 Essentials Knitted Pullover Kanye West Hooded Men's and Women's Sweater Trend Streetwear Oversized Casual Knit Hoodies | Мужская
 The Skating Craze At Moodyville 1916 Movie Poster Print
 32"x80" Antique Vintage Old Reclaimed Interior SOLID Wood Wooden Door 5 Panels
◇ ◇ ◇ ◇ ◇
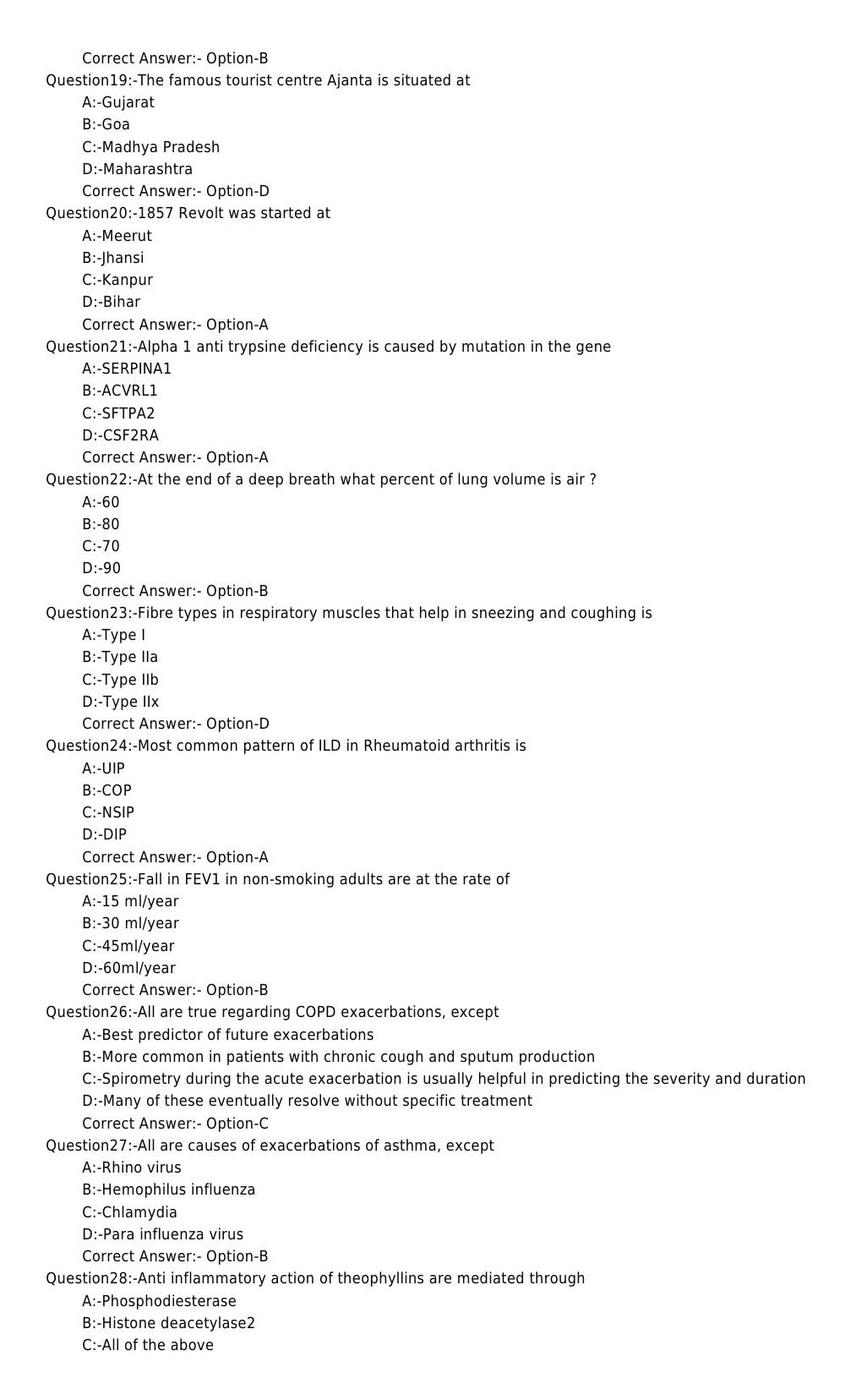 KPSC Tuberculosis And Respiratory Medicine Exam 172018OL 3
◇ ◇ ◇ ◇ ◇
▸ **What the task asks**
Could you transcribe the entries above word for word, from the line with "Essentials Knitted Pullover" down to the line with "Door 5 Panels", keeping both?

▸ **Solved exercise**
 Essentials Knitted Pullover Kanye West Hooded Men's and Women's Sweater Trend Streetwear Oversized Casual Knit Hoodies | Мужская
 The Skating Craze At Moodyville 1916 Movie Poster Print
 32"x80" Antique Vintage Old Reclaimed Interior SOLID Wood Wooden Door 5 Panels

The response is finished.